Illustration for: IndQA Targets India's Billion Non‑English Users, 2nd‑Largest ChatGPT Market
Research & Benchmarks

IndQA Targets India's Billion Non‑English Users, 2nd‑Largest ChatGPT Market

3 min read

When you open a chat in Hindi, Tamil or Bengali, the AI often sounds like it’s guessing. That’s the gap IndQA tries to fill. Built by the same team that launched ChatGPT, the model isn’t just another multilingual test - it’s aimed at a market that already sits second in global ChatGPT usage.

India’s internet users still browse mostly in languages other than English, and the country juggles 22 official tongues, with at least seven spoken by over 50 million people each. By zeroing in on non-English interactions, the project could change how millions talk to AI. The rollout feels like a concrete step toward real accessibility, matching product work with the reality of a billion-strong user base.

In short, it shows a push to serve Indian users where they actually converse.

India has roughly a billion people who don’t use English as their primary language, 22 official languages (including at least seven with over 50 million speakers), and it’s ChatGPT’s second-largest market. This work is part of our ongoing effort to improve products and tools for Indian users.

India has about a billion people who don't use English as their primary language, 22 official languages (including at least seven with over 50 million speakers), and is ChatGPT's second largest market. This work is part of our ongoing commitment to improve our products and tools for Indian users, and to make our technology more accessible throughout the country. IndQA evaluates knowledge and reasoning about Indian culture and everyday life in Indian languages.

It spans 2,278 questions across 12 languages and 10 cultural domains, created in partnership with 261 domain experts from across India. Unlike existing benchmarks like MMMLU and MGSM, it is designed to probe culturally nuanced, reasoning-heavy tasks that existing evaluations struggle to capture. IndQA covers a broad range of culturally relevant topics, such as Architecture & Design, Arts & Culture, Everyday Life, Food & Cuisine, History, Law & Ethics, Literature & Linguistics, Media & Entertainment, Religion & Spirituality, and Sports & Recreation--with items written natively in Bengali, English, Hindi, Hinglish, Kannada, Marathi, Odia, Telugu, Gujarati, Malayalam, Punjabi, and Tamil.

Note: We specifically added Hinglish given the prevalence of code-switching in conversations. Each datapoint includes a culturally grounded prompt in an Indian language, an English translation for auditability, rubric criteria for grading, and an ideal answer that reflects expert expectations.

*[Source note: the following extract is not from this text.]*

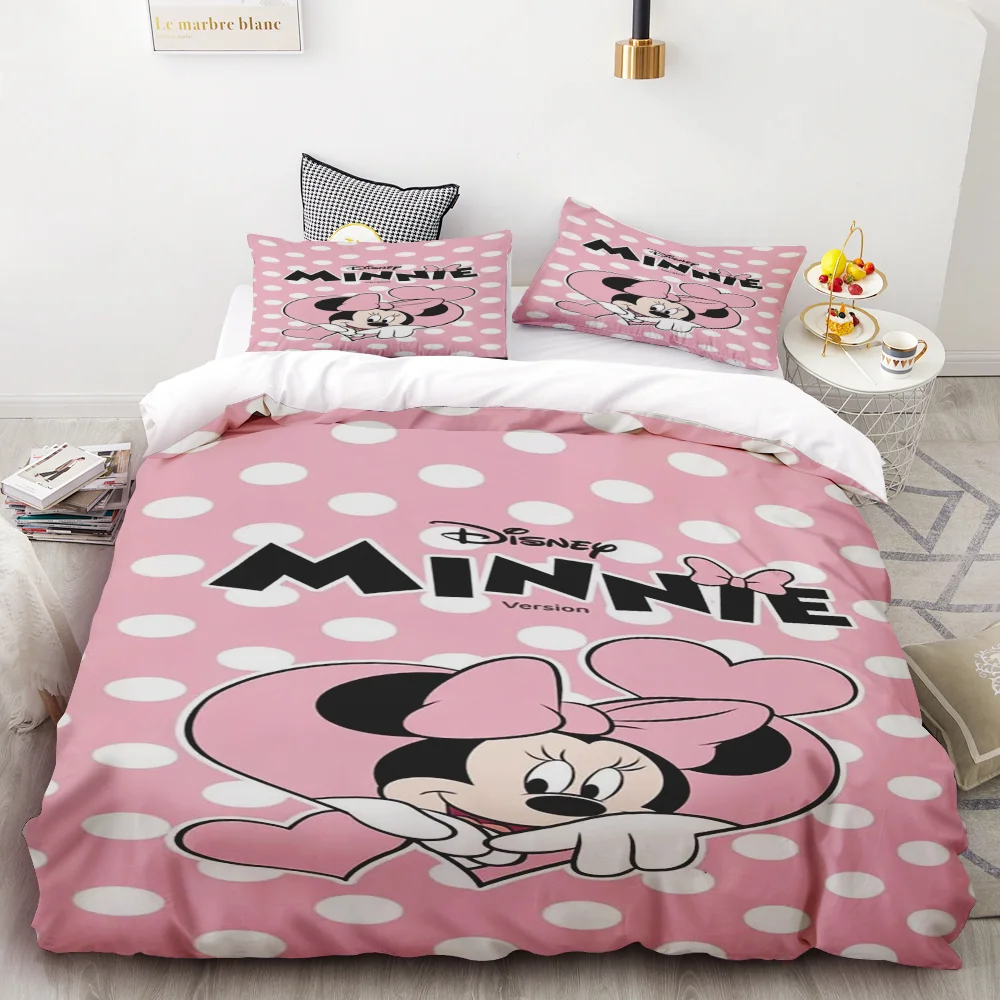 Pink Minnie Duvet Cover Girl Bedding Set for Teens Boy Girls Birthday Gifts Princess Style Bedroom Decoration Full Size Single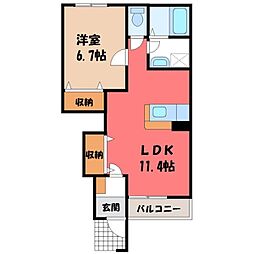 リバレイン 1LDKの間取図画像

Related Topics: #IndQA #ChatGPT #India #AI #non‑English #multilingual #benchmark #MMMLU #MGSM

Will IndQA actually narrow the gap? OpenAI says the project is meant to steer AGI toward genuine multilingual usefulness. They point out that about 80 percent of people worldwide speak something other than English - a blind spot that still haunts most test suites.

Benchmarks like MMMLU already feel maxed out; top models hover near the ceiling, so spotting real gains gets tricky. India, with roughly a billion non-English primary speakers, 22 official languages and at least seven tongues topping 50 million users, looks like a natural proving ground - and it’s ChatGPT’s second-largest market. The team frames IndQA as a step toward better products for those users.

What’s missing, though, is a clear picture of how the new metrics will differ from MMMLU or fix its flaws, and there’s little on how any improvements will be checked in real-world use. So the idea sounds hopeful, but whether it will turn into tangible benefits for Indian users remains uncertain.

Common Questions Answered

What is IndQA and why was it created?

IndQA is a new benchmark developed by the team behind ChatGPT that evaluates knowledge and reasoning about Indian culture and everyday life in Indian languages. It was created to address the large gap of roughly one billion Indian internet users who primarily use non‑English languages.

How many official languages does India have and how many of them have over 50 million native speakers?

India has 22 official languages, and at least seven of those languages each have more than 50 million native speakers. This linguistic diversity underpins the need for multilingual AI tools like IndQA.

Why does the article describe India as ChatGPT's second‑largest market?

The article notes that India ranks second globally in ChatGPT usage, driven by its massive online population and high engagement despite most users preferring non‑English languages. This makes India a critical market for expanding multilingual AI capabilities.

What shortcomings of existing benchmarks such as MMMLU does IndQA aim to overcome?

Existing benchmarks like MMMLU are described as saturated, with top models achieving near‑ceiling scores that make further progress difficult to measure. IndQA seeks to provide a more challenging and culturally relevant evaluation for Indian languages, helping to gauge true multilingual usefulness.